Teaching a Computer to Assemble Jigsaw Puzzles
Hello everyone!
For a while now I've been meaning to write up the story behind my AI jigsaw puzzle solver. It's a project I started because I thought it would be easy — "just match the colors on the edges, right?" — and ended up being one of the most frustrating and rewarding computer vision experiments I've done.
The problem: you give the computer a photo of jigsaw pieces laid out on a table. It needs to figure out the full picture. That's it. Simple to explain, painful to implement.
Step one was segmenting each piece from the background. I started with basic thresholding and contour detection in OpenCV, which works okay if your background is a single flat color and the pieces have decent contrast. Once you lose either of those assumptions, the pipeline falls apart. I ended up adding a bunch of pre-processing — grayscale conversion, Gaussian blur, adaptive thresholding — to get a clean binary mask before running findContours.
After I had each piece isolated, I needed to characterize its shape. Jigsaw pieces have four "sides" and each side is either a tab (sticking out), a blank (sticking in), or a flat edge. Classifying which is which turned out to be the hardest part. I wrote a small routine that walks around the contour, finds the four corners (the sharpest turns in the polygon), and samples the midpoint of each edge. If the midpoint sits outside the bounding box of the two corner points, it's a tab. Inside, it's a blank. Straight across, it's flat.
Step two was matching sides. For two pieces to fit, their edge curves need to be near-mirrors of each other. I tried a couple of approaches:
- Resample each edge into a fixed number of points, then compute a pairwise distance between the two sequences.
- Compare color gradients along each edge — the piece of the image on one side should match the piece on the other.
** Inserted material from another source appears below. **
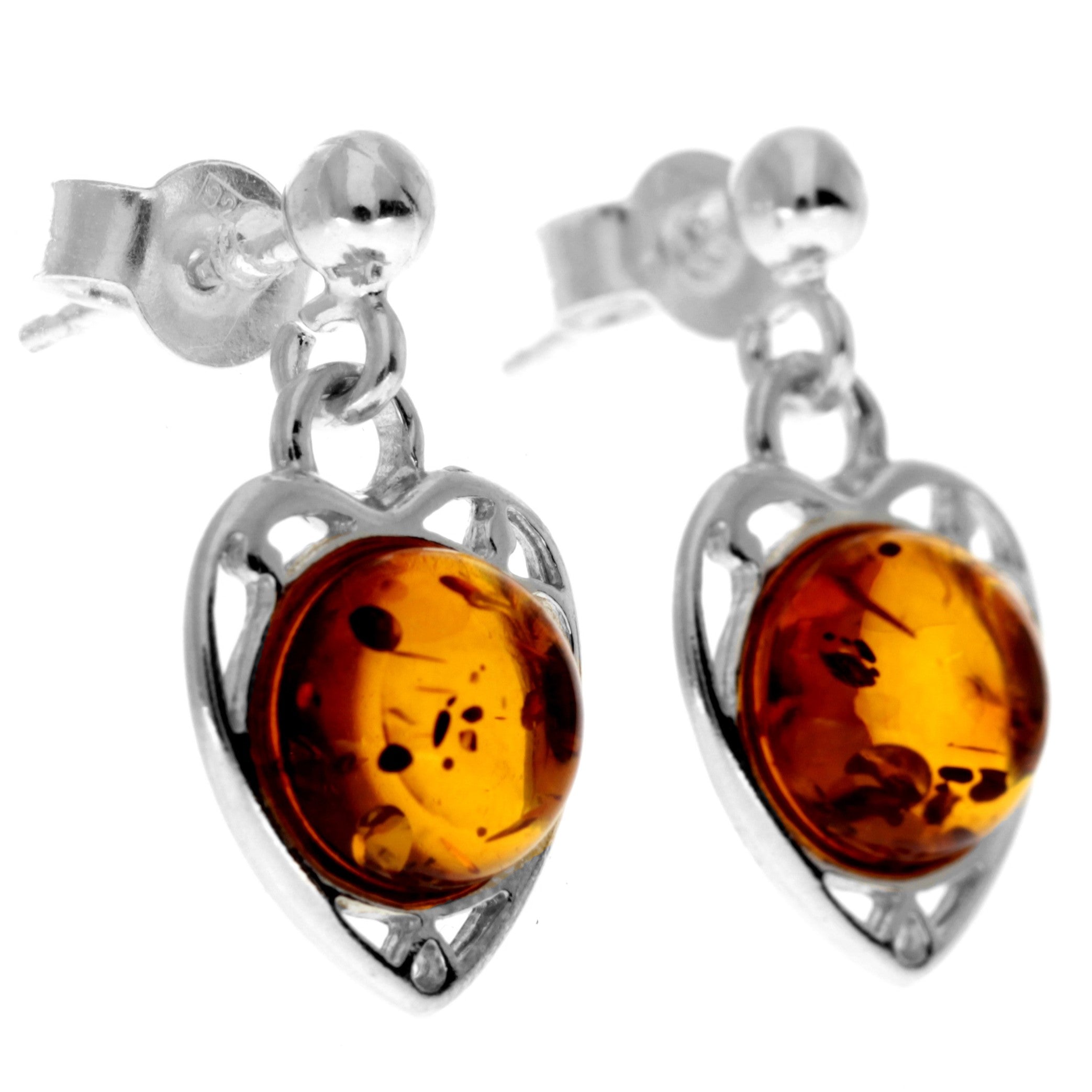 925 Sterling Silver with Genuine Baltic Amber Classic Drop Earrings - 8169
Approach 1 gave me a solid geometric match; approach 2 disambiguated when multiple candidates had similar shapes. The combined score worked better than either alone.
Step three was assembly. Once I had a scoring function for "how well does edge A fit edge B", I treated the full puzzle as a graph problem — find the arrangement that minimizes total edge-match cost. I started with a greedy approach (place corner pieces first, then edges, then work inward) and it was good enough for most of my test puzzles.
Where it broke down:
- Puzzles with repeating patterns (lots of sky, lots of grass) — the color gradient signal isn't enough.
- Puzzles where the cut is aggressive and the tabs are big and weird — my side classifier would sometimes grab the wrong corners.
- Pieces that were flipped over — I hadn't thought about upside-down pieces at all.
I don't think this project is done. I'd love to retrain the side matching with a small CNN and probably swap the greedy assembler for a proper energy-minimization solver. For now though, it assembles most of the puzzles I throw at it, and I'm calling that a win.
Catch you in the next one!